E. Pickett's opinion regarding defendant's concern
Defendant contends that he was prejudiced by a speculative statement made by Pickett in his testimony given after part of the jailhouse conversation about Modica's surveillance system was played for the jury. After the prosecutor asked Pickett to "bear in mind that the question I'm asking you is concerning the conversation [with defendant] about videotape surveillance," Pickett replied unresponsively, "I guess, if I have to guess, that he probably was concerned at that point." The prosecutor then said that he did not want him to speculate, and Pickett replied, "Well, he did not say he was concerned."
Defendant's sole contention is that he was prejudiced because Pickett's speculation was used to establish consciousness of guilt. Defendant has not referred to any page in the 82 pages of prosecution argument or elsewhere in the record where any such use was made. Any prejudice Pickett's nonresponsive comment might have caused was dispelled by the prosecutor's rejection of his speculation and Pickett's reply that defendant did not say he was concerned.
III. Voluntary manslaughter instructions
Defendant contends that the court erred in failing to give jury instructions regarding voluntary manslaughter based upon self-defense, imperfect (or unreasonable) self-defense, defense of others, and imperfect (or unreasonable) defense of others. Defendant also contends that the trial court erred in ruling that the evidence was insufficient to justify a self-defense instruction unless defendant testified.
In a murder trial, the trial court must instruct the jury regarding the lesser included offense of voluntary manslaughter based upon any theory supported by the evidence. (People v. Koontz (2002) 27 Cal.4th 1041, 1085 (Koontz).)In addition, the trial court must instruct on any defense relied on by the defendant or supported by substantial evidence. (People v. Anderson (2011) 51 Cal.4th 989, 996.)
We agree that in the abstract, self-defense, defense of others, unreasonable self-defense, and unreasonable defense of others may be established without the defendant's testimony. (See People v. Viramontes (2001) 93 Cal.App.4th 1256, 1262 [self-defense and unreasonable self-defense].) However, all four theories have a subjective element: the defendant must have had an actual belief in the need to defend himself or another. (People v. Randle (2005) 35 Cal.4th 987, 994, 997, overruled on a different point in People v. Chun (2009) 45 Cal.4th 1172, 1201.) Thus when the defendant does not testify, there must be other evidence of his state of mind, such as the defendant's out-of-court statements or the testimony of a witness to events which appeared to frighten the defendant. (People v. Oropeza (2007) 151 Cal.App.4th 73, 81-82 (Oropeza).)
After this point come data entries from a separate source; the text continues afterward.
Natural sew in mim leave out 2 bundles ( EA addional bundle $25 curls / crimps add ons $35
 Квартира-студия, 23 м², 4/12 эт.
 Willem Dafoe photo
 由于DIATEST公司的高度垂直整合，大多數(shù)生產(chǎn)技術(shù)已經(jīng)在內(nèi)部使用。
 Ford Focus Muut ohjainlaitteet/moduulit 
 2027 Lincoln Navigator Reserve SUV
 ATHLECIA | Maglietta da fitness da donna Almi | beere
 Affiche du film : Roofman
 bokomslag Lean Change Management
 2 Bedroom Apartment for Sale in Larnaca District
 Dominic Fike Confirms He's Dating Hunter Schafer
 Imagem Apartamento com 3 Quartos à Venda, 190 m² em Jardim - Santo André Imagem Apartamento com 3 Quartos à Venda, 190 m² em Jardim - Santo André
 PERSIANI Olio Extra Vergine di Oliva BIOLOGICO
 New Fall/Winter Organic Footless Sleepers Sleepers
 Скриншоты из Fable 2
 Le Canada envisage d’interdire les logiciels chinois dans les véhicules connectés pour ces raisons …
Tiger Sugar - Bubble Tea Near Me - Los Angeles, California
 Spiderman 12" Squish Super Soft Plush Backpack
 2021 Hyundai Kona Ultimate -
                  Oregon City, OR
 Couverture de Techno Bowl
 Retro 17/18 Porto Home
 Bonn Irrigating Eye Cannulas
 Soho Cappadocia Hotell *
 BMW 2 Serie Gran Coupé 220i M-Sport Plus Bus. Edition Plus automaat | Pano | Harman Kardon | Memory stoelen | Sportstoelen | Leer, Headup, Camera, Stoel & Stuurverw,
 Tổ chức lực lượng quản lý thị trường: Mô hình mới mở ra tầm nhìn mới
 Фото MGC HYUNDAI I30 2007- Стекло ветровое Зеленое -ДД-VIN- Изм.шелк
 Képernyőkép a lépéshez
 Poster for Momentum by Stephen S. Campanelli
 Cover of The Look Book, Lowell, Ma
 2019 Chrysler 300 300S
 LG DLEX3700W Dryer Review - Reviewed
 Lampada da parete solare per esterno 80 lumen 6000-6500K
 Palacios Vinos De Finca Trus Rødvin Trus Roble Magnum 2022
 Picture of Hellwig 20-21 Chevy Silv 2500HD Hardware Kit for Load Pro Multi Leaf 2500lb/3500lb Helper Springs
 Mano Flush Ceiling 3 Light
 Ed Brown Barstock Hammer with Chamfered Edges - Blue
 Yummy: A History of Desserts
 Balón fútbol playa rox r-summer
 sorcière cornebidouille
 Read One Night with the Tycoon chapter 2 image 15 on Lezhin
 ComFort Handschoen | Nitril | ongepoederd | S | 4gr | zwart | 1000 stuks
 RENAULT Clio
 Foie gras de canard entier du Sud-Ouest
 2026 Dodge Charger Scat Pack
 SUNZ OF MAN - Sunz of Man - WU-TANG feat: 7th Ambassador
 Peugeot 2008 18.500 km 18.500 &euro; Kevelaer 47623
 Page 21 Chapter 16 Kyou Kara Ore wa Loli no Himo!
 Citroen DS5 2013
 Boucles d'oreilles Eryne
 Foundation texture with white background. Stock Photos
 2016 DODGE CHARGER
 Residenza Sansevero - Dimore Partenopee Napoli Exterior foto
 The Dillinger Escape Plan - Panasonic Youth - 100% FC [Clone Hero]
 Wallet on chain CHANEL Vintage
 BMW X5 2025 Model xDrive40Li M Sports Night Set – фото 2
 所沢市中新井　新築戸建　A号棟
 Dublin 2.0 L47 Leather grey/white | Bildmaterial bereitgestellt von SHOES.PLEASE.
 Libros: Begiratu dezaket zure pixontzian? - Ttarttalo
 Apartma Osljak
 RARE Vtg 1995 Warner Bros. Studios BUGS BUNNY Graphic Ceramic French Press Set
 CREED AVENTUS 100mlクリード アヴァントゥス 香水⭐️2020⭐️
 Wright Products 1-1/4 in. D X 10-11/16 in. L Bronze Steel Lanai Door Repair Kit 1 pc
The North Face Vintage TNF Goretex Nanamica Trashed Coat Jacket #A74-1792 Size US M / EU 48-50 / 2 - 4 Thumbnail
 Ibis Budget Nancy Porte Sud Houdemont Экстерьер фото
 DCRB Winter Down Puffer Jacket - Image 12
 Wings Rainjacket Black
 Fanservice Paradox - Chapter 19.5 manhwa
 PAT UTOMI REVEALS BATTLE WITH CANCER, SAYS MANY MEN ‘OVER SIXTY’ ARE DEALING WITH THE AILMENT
Defendant cites the following facts as justifying voluntary manslaughter, defense of others, and self-defense instructions:
"The initial meeting of Bergman, Modica and [defendant], outside the Modica residence, was cordial and uneventful. Cooper was told not to enter the residence unless Bergman did not come out in a reasonable time. This supports an inference that Bergman did not intend that there be a violent confrontation, otherwise he would have brought Cooper with him from the outset. At some point inside the residence an altercation broke out between Modica and Bergman. When Cooper entered, he saw Modica and Bergman wrestling and struggling. [Defendant] was not present, but came running from the kitchen and lunged over Bergman toward Modica in what could be interpreted as an effort to defend Bergman from Modica."As defendant's recitation refers to no evidence of defendant's actual state of mind, and our review of the record revealed no evidence that defendant was fearful, we conclude that the trial court did not err in finding that without defendant's testimony the instruction was unnecessary. (See Oropeza, supra, 151 Cal.App.4th at p. 82.)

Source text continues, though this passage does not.